Verre vissen van een kasteel

door Robert van Dierendonck
Verhalen Erfgoed Zeeland

Van 1965 tot 1968 werd een opgraving uitgevoerd op het terrein van het kasteel van Sint-Maartensdijk. De hoofdburcht van dit kasteel bestond vermoedelijk al in de dertiende eeuw en werd in de volgende eeuw uitgebouwd en voorzien van een voorburcht. In de vijftiende eeuw kwamen ten westen van de voorburcht nog enkele verzorgingsgebouwen, onder andere een stoeterij en brouwerij. Het niet systematisch verzamelde dierlijk bot van de opgraving is vooral afkomstig van de hoofdburcht en geeft een beeld uit de periode 1400-1600. Hierin valt op dat één vijfde bestaat uit visresten van soms voor die tijd bijzondere soorten.

Zeevis

Alleen zeevis is vertegenwoordigd en dan ook nog in (zeer) grote exemplaren. Meer dan de helft bestaat uit de bekendere soorten vers aangevoerde kabeljauw en schelvis. Van de kabeljauw is met isotopenonderzoek vastgesteld dat deze is gevangen in het centrale of zuidelijk deel van de Noordzee. Meerdere kabeljauwen waren groter dan een meter en een schelvis was 65 centimeter.
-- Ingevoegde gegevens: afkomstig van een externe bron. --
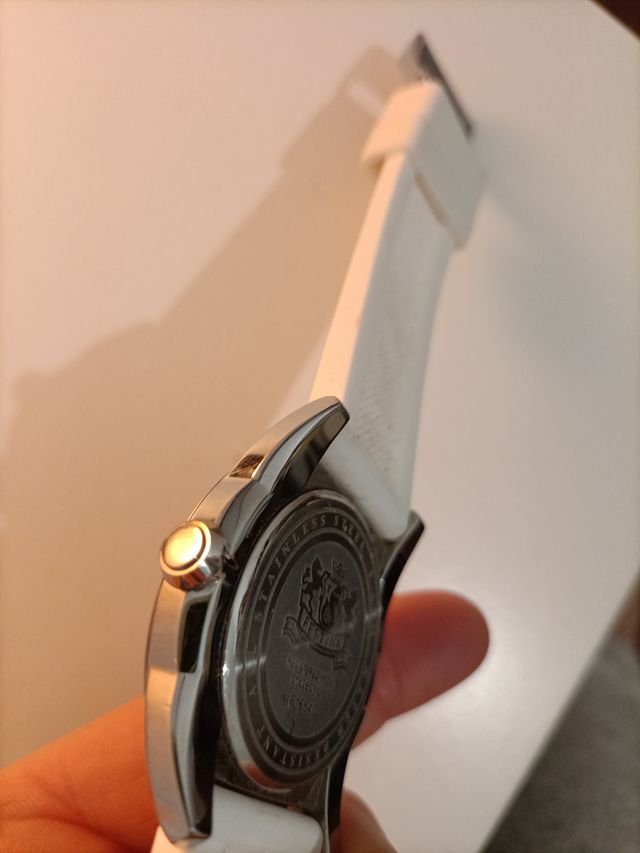 Reloj Festina Mujer Blanco y Dorado, precioso.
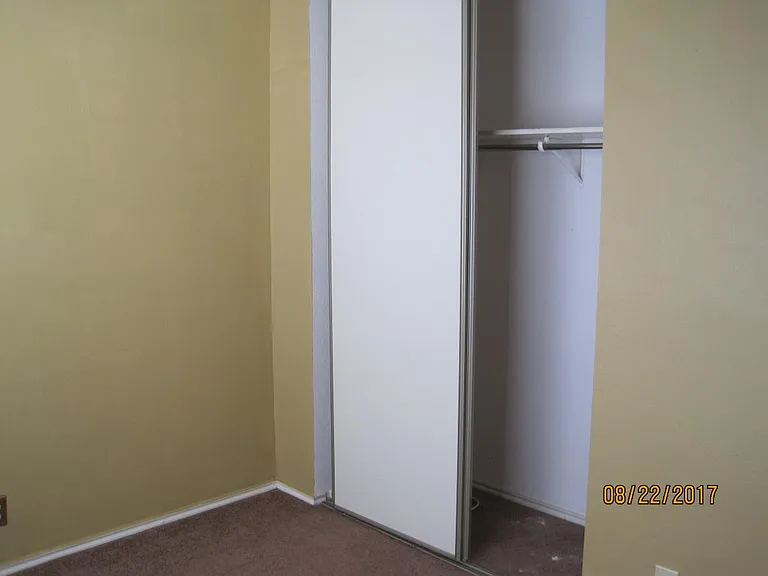 4911 Kenton Lake — Photo 8
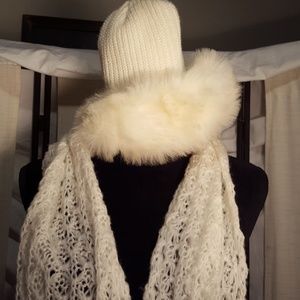 Scarf/ hat bundle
Botten (cleithra) van twee grote lengen uit het kasteel van Sint-Maartensdijk.

Botten (cleithra) van twee grote lengen uit het kasteel van Sint-Maartensdijk.
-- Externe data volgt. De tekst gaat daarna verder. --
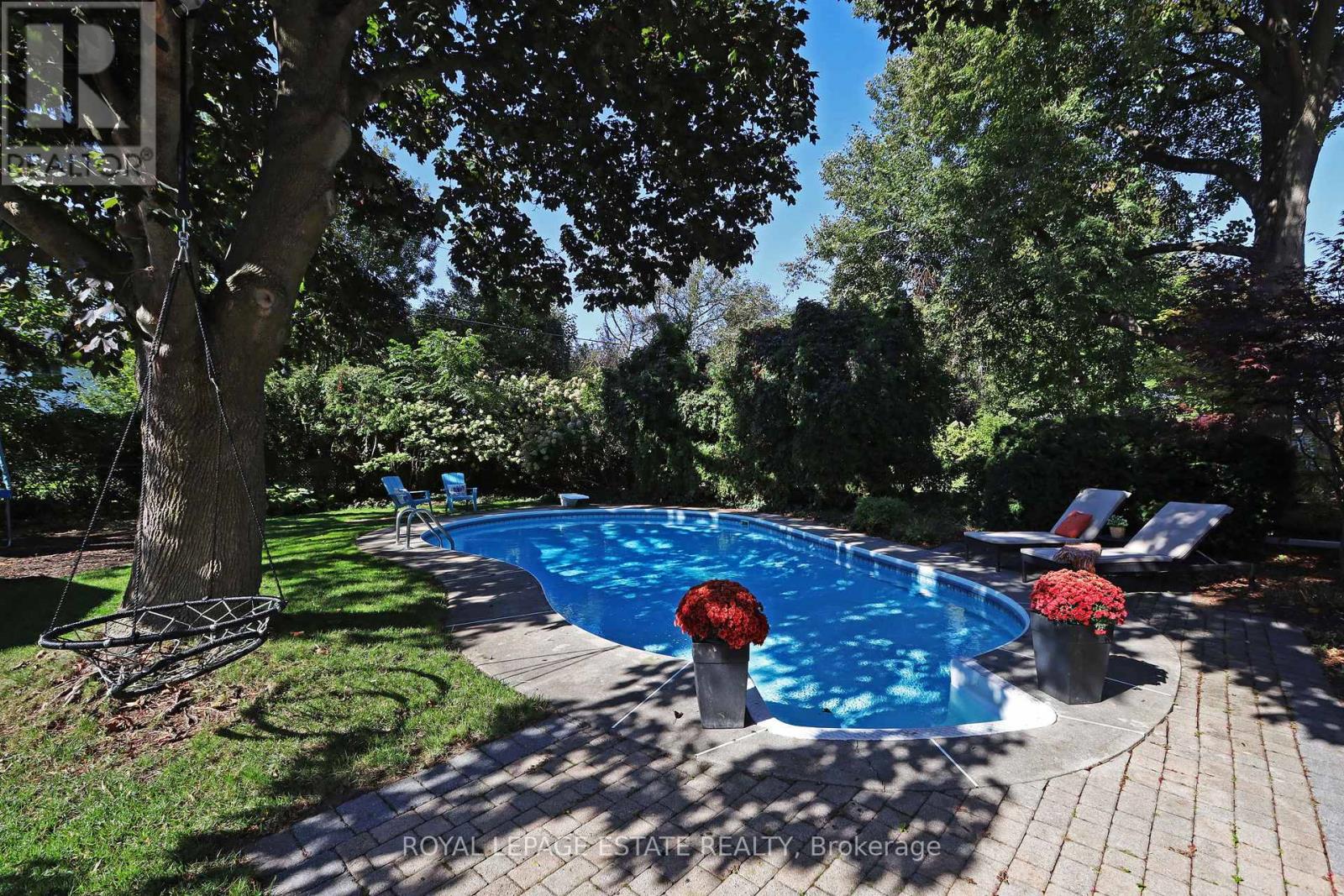 4231 Dunvegan Road, Burlington, Ontario  L7L 1P9 - Photo 30 - W12466930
Heilbot, leng, lom, zeewolf

Maar het meest in het oog springen resten van heilbot, leng, lom en zeewolf, de tot nu toe oudste vondsten van deze soorten in Zeeland, en voor zeewolf zelfs van Nederland. Deze vissen zijn allemaal in de diepe, koude wateren van de noordelijke Noordzee of de Atlantische Oceaan bij Schotland of Noorwegen gevangen. Net als Vlaamse, gingen ook de Zeeuwse vissers in de veertiende eeuw steeds noordelijker vissen.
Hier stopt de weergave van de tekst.